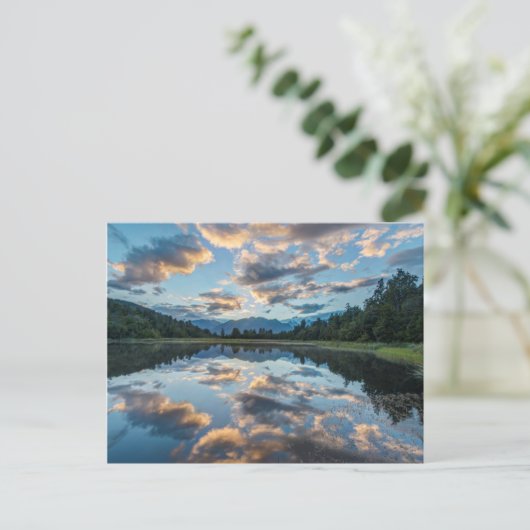 Neuseeland, Südinsel, Westland National Postkarte (Stehend Vorderseite)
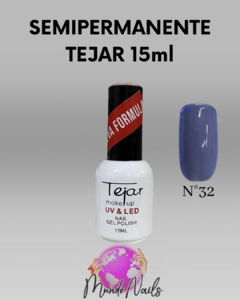 Esmalte semipermanente 32 - Tejar 15ml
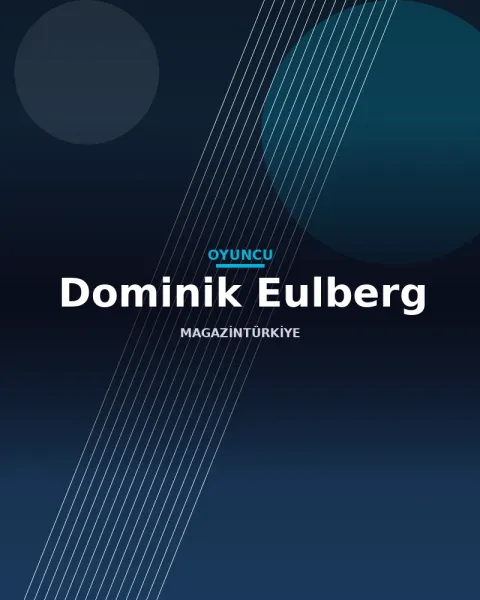 Dominik Eulberg profil görseli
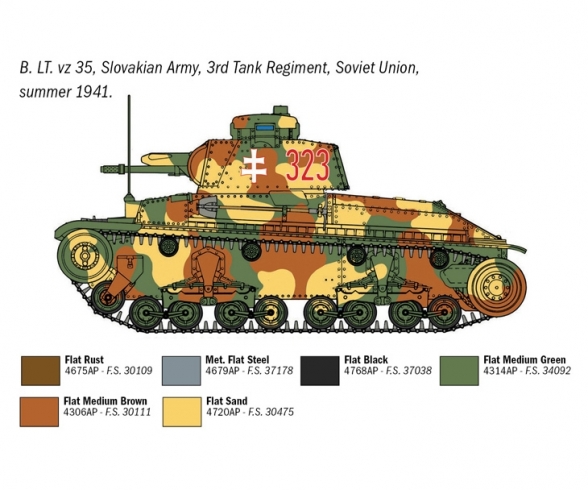 1:72 Ger. Panzerkampfwagen 35 (t) 1:72 Ger. Panzerkampfwagen 35 (t)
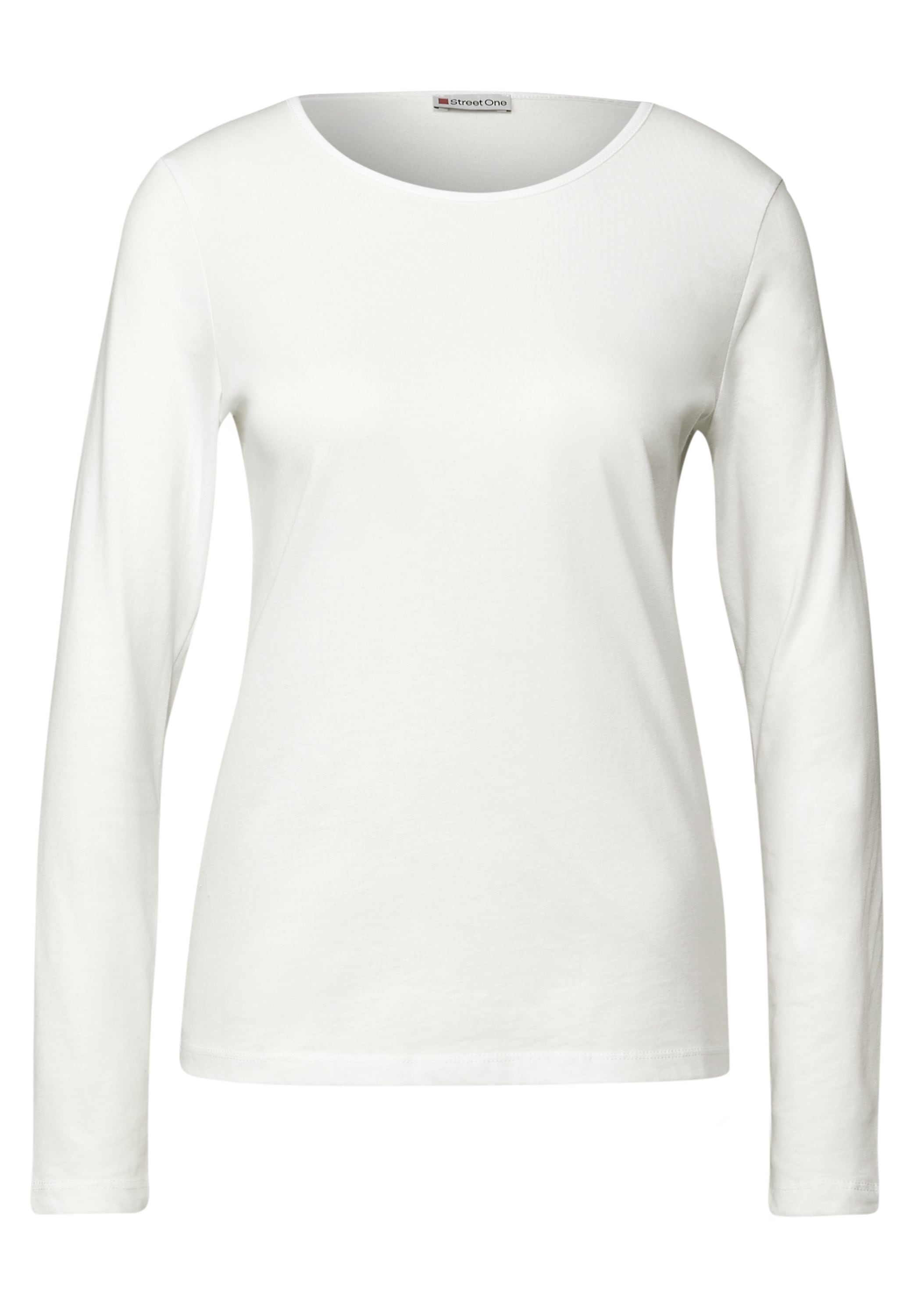 STREET ONE Langarmshirt Basic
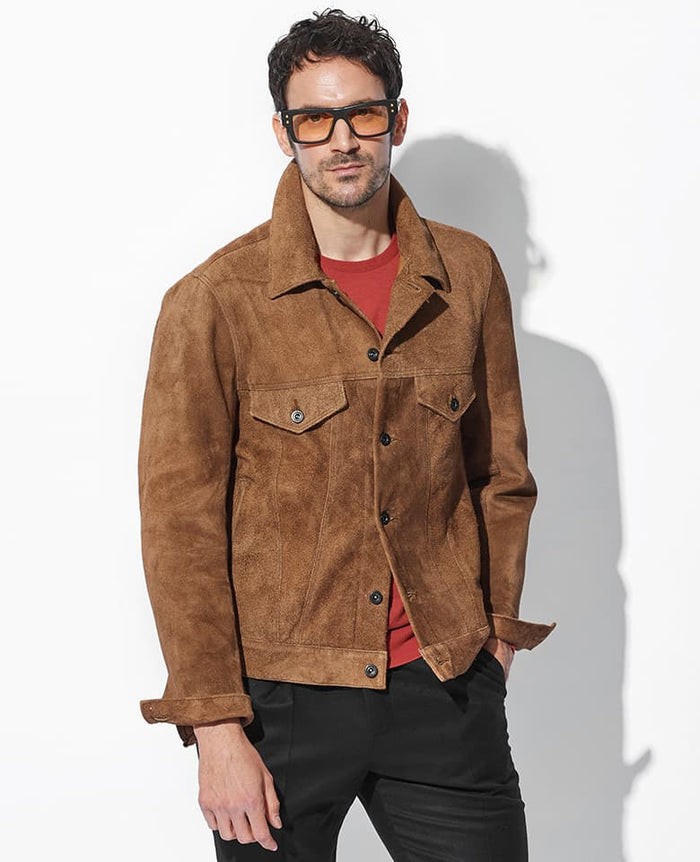 ジージャン¥143,000/エーレザー(買えるLEON)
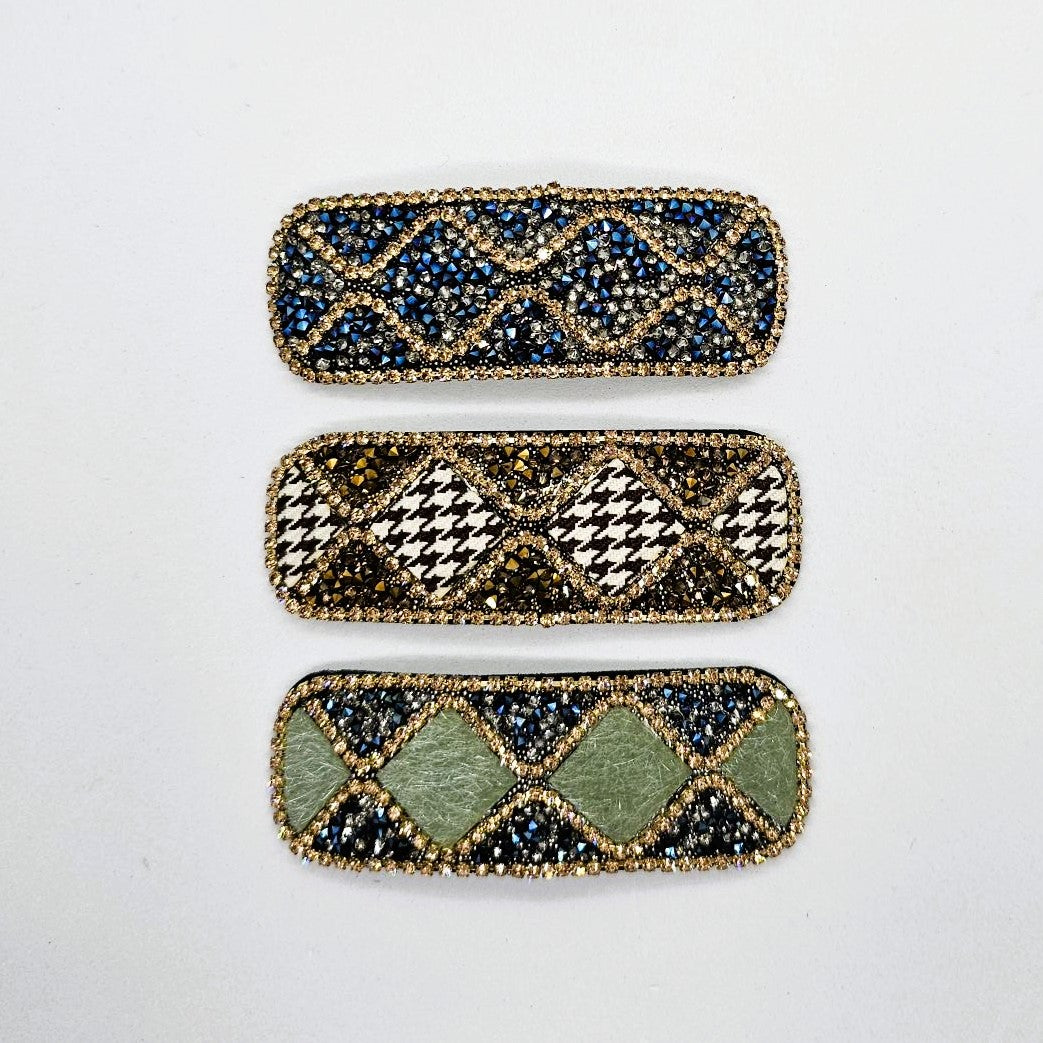 Prague Mixed Media Snap Clip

————

EXERCISE PROMPT: Please repeat the data above exactly as it appears, pictures excluded.

RESULT:
 Neuseeland, Südinsel, Westland National Postkarte (Stehend Vorderseite)
 Esmalte semipermanente 32 - Tejar 15ml
 Dominik Eulberg profil görseli
 1:72 Ger. Panzerkampfwagen 35 (t) 1:72 Ger. Panzerkampfwagen 35 (t)
 STREET ONE Langarmshirt Basic
 ジージャン¥143,000/エーレザー(買えるLEON)
 Prague Mixed Media Snap Clip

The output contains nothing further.